BEGIN

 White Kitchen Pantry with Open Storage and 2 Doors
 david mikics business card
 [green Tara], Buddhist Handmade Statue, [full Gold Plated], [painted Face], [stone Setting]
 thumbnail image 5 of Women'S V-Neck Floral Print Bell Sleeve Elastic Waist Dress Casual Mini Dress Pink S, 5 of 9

END
BEGIN

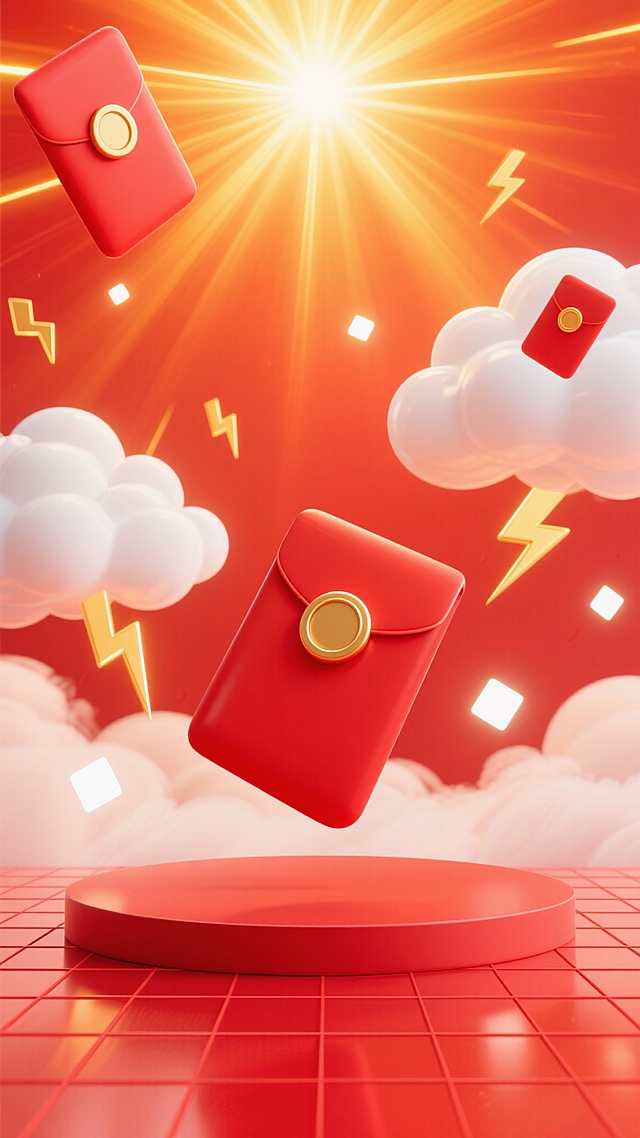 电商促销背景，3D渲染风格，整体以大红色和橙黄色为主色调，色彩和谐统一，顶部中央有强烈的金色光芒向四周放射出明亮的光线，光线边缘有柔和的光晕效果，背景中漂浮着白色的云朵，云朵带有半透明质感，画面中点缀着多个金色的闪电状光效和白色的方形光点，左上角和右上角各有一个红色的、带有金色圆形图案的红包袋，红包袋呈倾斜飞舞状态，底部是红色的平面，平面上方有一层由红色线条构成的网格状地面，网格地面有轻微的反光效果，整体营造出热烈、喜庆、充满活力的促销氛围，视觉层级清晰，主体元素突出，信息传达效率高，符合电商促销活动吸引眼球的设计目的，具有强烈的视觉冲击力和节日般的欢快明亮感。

END

● **Your goal**:
Transcribe, exactly and without additions, the lines of the records above, beginning with the line that contains "david mikics business card" and ending with the line that contains "thumbnail image 5", both included.

● **Response to this exercise**:
 david mikics business card
 [green Tara], Buddhist Handmade Statue, [full Gold Plated], [painted Face], [stone Setting]
 thumbnail image 5 of Women'S V-Neck Floral Print Bell Sleeve Elastic Waist Dress Casual Mini Dress Pink S, 5 of 9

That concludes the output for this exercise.